On Thu, Feb 6, 2020, 15:56 Tom Honermann via SG16 <sg16@lists.isocpp.org> wrote:

In our discussion of P1629 yesterday (a meeting summary will appear here in the next few days), I raised the question of why encoding objects provided the ability to specify both replacement code units and replacement code points.  I'm afraid I didn't follow the discussion well (I was distracted by kids and pizza delivery...).  I'd like to better understand the motivation for both.

My expectation is that only replacement code points should be required.  This is based on the following observations:

  1. When encoding, if a provided code point cannot be encoded, a replacement code point (that is guaranteed to be encodeable) is encoded.  (Encoding can never produce an ill-formed code unit sequence, at least not without a contract violation).
  2. When decoding, if a code unit sequence is ill-formed, a replacement code point is produced (and the ill-formed code unit sequence skipped in an encoding dependent way subject to synchronization capabilities).
  3. When transcoding, if a decoded code point cannot be encoded, the replacement code point from the target encoding is encoded (and that is guaranteed to produce a well-formed code unit sequence).

I don't see where a replacement code unit sequence fits in to the above except as a possible optimization to avoid the overhead of encoding the replacement code point (in which case, the replacement code unit sequence better match how a replacement code point sequence would be encoded).

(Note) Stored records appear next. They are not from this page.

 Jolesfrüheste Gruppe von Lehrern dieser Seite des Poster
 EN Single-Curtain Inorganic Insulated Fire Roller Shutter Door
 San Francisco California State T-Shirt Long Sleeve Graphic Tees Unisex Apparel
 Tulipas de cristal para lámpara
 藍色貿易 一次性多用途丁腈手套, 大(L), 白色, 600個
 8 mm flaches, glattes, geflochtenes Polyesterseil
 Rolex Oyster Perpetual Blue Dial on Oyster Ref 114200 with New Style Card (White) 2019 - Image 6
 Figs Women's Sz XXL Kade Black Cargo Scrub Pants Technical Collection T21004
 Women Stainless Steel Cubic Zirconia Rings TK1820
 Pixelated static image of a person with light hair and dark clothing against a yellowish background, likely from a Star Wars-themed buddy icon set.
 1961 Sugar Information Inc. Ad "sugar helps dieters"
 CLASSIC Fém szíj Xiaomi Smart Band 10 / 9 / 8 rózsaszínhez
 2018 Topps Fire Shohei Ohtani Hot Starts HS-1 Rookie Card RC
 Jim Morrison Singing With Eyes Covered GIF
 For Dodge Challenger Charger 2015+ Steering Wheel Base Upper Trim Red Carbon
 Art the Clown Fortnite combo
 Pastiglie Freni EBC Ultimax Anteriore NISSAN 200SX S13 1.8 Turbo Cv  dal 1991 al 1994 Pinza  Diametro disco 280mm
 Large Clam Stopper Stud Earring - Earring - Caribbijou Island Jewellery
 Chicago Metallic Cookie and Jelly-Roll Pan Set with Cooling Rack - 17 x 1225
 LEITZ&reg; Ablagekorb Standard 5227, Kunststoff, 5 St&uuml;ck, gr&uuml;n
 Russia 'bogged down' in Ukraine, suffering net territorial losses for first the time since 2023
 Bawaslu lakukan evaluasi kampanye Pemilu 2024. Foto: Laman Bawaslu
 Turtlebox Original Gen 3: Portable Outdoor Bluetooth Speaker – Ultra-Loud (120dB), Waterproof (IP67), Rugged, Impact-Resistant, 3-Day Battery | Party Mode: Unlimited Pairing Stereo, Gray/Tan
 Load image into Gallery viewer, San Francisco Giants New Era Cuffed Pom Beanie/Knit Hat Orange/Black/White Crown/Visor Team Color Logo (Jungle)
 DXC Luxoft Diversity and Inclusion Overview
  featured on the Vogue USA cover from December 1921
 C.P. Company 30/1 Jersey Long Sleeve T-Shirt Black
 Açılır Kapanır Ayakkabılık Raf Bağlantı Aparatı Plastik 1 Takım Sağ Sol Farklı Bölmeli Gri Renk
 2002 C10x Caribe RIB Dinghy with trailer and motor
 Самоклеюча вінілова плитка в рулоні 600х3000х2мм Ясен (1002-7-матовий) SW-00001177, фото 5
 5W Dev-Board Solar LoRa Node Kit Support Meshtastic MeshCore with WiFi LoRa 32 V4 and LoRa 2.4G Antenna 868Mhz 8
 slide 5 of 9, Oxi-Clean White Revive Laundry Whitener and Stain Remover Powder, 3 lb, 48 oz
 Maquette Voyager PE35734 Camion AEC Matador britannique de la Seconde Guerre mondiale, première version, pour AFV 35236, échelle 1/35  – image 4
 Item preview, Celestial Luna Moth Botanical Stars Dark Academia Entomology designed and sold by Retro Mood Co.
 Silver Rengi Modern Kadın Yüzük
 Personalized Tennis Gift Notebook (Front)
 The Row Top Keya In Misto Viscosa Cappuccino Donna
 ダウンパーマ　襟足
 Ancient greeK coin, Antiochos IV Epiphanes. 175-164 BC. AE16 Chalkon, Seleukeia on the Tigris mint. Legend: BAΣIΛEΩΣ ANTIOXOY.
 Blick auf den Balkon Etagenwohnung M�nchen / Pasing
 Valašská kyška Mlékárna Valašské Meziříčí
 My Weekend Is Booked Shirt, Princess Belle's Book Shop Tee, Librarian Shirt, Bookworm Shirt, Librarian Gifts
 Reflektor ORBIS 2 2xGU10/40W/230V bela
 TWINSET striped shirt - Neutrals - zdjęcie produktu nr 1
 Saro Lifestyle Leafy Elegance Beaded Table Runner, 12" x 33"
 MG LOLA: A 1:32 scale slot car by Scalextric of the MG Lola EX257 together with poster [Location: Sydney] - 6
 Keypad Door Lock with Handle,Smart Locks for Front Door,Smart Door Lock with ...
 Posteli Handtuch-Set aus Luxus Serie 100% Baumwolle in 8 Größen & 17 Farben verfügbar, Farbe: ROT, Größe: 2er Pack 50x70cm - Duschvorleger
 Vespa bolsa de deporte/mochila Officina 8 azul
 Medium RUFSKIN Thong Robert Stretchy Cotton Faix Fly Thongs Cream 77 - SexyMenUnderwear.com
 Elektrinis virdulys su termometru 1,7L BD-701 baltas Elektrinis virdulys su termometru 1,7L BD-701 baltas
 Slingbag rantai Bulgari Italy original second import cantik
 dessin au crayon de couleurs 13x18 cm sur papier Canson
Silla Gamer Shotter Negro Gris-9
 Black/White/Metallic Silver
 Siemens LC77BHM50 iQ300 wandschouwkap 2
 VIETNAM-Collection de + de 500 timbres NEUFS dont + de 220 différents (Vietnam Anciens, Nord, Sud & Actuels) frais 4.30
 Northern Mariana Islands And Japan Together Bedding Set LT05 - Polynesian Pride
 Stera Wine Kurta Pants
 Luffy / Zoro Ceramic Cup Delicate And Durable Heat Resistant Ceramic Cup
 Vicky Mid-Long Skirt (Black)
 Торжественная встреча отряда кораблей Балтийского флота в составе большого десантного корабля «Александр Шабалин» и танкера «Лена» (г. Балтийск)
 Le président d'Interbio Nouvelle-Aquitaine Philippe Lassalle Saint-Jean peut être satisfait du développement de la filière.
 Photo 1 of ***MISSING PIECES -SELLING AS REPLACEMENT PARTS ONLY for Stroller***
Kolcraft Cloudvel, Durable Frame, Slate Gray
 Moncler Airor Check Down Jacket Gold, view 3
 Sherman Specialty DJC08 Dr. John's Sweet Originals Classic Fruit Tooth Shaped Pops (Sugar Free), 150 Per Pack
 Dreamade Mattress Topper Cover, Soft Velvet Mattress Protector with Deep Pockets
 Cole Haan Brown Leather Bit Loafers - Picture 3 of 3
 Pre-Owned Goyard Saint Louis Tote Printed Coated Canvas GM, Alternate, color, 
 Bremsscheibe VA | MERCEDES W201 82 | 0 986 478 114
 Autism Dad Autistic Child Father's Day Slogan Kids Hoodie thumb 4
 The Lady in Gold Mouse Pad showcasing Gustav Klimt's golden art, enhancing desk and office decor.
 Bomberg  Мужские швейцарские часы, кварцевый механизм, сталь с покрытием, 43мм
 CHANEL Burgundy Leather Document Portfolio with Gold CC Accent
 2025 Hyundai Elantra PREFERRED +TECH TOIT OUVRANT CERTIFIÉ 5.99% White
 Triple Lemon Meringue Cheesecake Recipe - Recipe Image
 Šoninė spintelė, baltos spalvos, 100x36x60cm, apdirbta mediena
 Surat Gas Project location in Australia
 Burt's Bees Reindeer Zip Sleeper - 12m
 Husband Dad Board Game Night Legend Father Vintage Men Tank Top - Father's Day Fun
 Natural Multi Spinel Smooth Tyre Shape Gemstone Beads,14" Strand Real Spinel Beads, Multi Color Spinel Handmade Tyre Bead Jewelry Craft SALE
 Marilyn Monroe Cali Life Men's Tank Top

Could someone please enlighten me?  When would a replacement code unit sequence be used?


I want to agree with everything.
I would add that we have a naming problem and would suggest:

* encode_replacement
* decode_replacement

I noticed the same thing with many names, up to the name of the encoding.
Is it always implied that one end of the encoder object is Unicode and as such "ascii" implies "ascii<->Unicode codepoints" ?